Data section:

▽

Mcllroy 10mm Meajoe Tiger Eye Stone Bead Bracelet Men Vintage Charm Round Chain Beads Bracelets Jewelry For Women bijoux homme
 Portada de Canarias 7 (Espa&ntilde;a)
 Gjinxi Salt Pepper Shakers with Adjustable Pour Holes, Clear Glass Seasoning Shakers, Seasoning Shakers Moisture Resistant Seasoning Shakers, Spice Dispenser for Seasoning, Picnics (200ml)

△

Task:
Output all of the data without altering a single line.

Reply:
Mcllroy 10mm Meajoe Tiger Eye Stone Bead Bracelet Men Vintage Charm Round Chain Beads Bracelets Jewelry For Women bijoux homme
 Portada de Canarias 7 (Espa&ntilde;a)
 Gjinxi Salt Pepper Shakers with Adjustable Pour Holes, Clear Glass Seasoning Shakers, Seasoning Shakers Moisture Resistant Seasoning Shakers, Spice Dispenser for Seasoning, Picnics (200ml)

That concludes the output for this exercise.